Les grandes compétitions sont réputées pour leurs records sportifs mais aussi pour leurs 3e mi-temps ! Qu'en a-t-il été cette année en Ukraine ?

 

L'Euro de foot s'achève. Comme à chaque fois, on nous assure déjà que l'événement a été « un vrai flop » pour la prostitution. Et toute la presse reprend avec une belle unanimité les propos d'une personne prostituée : l'Euro a été "une morte saison" ! Pourtant, pendant des semaines, différentes ONG et institutions ukrainiennes se sont alarmées du prochain afflux de supporters sur le pays.
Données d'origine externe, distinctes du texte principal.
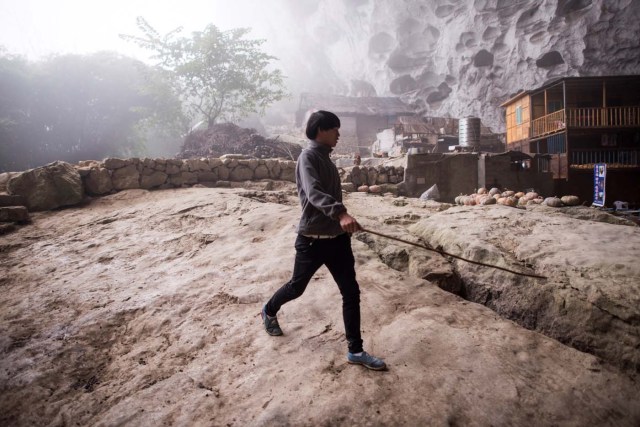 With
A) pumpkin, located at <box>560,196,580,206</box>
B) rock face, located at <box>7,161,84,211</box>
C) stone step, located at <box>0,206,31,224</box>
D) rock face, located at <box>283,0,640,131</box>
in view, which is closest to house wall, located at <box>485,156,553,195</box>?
pumpkin, located at <box>560,196,580,206</box>

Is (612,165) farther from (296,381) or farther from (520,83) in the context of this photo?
(296,381)

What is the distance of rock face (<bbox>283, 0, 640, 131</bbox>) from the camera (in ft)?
76.0

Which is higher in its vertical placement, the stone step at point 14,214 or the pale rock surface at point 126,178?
the pale rock surface at point 126,178

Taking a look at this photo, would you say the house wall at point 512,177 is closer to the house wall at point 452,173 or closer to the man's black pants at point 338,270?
the house wall at point 452,173

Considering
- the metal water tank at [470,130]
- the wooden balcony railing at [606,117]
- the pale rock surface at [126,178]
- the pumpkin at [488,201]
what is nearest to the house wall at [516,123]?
the wooden balcony railing at [606,117]

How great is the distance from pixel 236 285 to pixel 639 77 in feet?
70.1

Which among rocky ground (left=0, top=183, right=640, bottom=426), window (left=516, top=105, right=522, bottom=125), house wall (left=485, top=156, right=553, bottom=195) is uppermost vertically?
window (left=516, top=105, right=522, bottom=125)

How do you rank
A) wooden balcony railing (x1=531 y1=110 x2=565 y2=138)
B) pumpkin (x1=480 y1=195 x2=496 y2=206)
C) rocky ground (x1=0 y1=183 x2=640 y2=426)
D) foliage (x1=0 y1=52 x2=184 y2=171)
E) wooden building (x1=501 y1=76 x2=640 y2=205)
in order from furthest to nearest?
foliage (x1=0 y1=52 x2=184 y2=171) → wooden balcony railing (x1=531 y1=110 x2=565 y2=138) → wooden building (x1=501 y1=76 x2=640 y2=205) → pumpkin (x1=480 y1=195 x2=496 y2=206) → rocky ground (x1=0 y1=183 x2=640 y2=426)

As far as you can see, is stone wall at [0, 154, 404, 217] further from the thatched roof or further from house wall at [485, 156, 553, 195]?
the thatched roof

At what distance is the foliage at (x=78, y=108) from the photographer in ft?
66.4

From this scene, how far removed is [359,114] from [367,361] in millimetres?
29709

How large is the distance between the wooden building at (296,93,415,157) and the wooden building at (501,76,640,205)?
12.7 m

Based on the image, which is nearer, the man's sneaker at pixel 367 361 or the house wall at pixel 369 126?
the man's sneaker at pixel 367 361

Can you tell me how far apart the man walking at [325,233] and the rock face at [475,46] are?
98.7ft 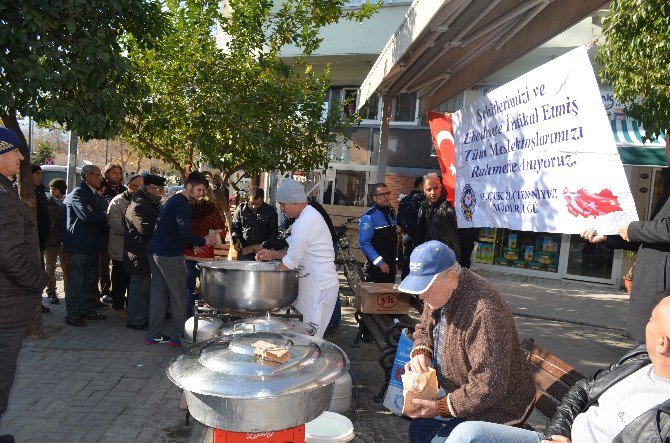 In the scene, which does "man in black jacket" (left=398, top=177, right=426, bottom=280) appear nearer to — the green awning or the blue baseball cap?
the blue baseball cap

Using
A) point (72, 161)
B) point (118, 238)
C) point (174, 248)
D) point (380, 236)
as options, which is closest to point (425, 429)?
point (174, 248)

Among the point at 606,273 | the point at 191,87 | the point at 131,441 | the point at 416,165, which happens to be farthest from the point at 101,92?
the point at 606,273

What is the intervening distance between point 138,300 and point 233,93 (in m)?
3.11

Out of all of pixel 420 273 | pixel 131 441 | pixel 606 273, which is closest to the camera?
pixel 420 273

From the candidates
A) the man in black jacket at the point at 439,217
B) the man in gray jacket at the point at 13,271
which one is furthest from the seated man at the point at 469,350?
the man in black jacket at the point at 439,217

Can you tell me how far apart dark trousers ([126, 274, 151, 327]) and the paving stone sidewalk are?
0.19m

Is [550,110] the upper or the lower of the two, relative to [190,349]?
upper

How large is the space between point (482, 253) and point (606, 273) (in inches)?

Le groupe féministe des Femen, en particulier, a multiplié les actions médiatiques pour alerter l'opinion internationale aux cris de : « L'Ukraine n'est pas un bordel ! » et « Un Euro sans prostitution ! ».... Etait-ce beaucoup de bruit pour rien ?

 

Entre 50 000 et 83 000 personnes prostituées

Les estimations de la prostitution en Ukraine diffèrent. 50 000 personnes prostituées pour l'Institut ukrainien des Etudes en sciences sociales de Kiev, entre 52 00 et 83 000 personnes prostituées en Ukraine (principalement à Kiev où elles seraient plus de 9 000, Odessa, Donetsk, Kharkov...) pour l'ONG Alliance VIH Sida. Dans ce nombre figurent des victimes de trafic humain, car l'Ukraine, connue pour être pays d'origine (environ 110 000 victimes depuis la chute du bloc de l'Est), est aussi pays de transit et de destination de la traite des êtres humains.

 

Si les estimations diffèrent, tous s'accordent pour dire que ces chiffres, qui ne prennent pas en compte une forte prostitution occasionnelle, sont probablement en-dessous de la réalité. Dans un pays où le coût de la vie est presque aussi élevé qu'en Europe occidentale, alors que le salaire moyen tourne autour de 240 euros (et que, dans cette société encore traditionnelle, le travail féminin est souvent sous-qualifié), la prostitution peut apparaître comme le seul moyen de subsistance. Selon une étude de l'Institut ukrainien des Etudes en sciences sociales de 2008, 50% des femmes prostituées interrogées disaient se prostituer pour faire vivre leur famille.

 

Les personnes prostituées proviennent d'ailleurs de tous les milieux socio-culturels : étudiantes, mères de famille, femmes avec des parents à charge.... Elles sont urbaines ou, souvent, viennent des villages environnants ou d'autres régions d'Ukraine : à Odessa, 60% des personnes prostituées viennent d'autres régions. Elles peuvent avoir un haut niveau d'éducation : selon l'étude de 2008, 51 % avaient terminé des études secondaires, voire entamé un cursus universitaire.

 

Des mineur(e)s en danger d'exploitation sexuelle

Selon l'Institut ukrainien des Etudes en sciences sociales, une personne prostituée sur six serait mineure. On ne connaît pas l'âge moyen d'entrée dans la prostitution, mais les études montrent qu'il tend à s'abaisser.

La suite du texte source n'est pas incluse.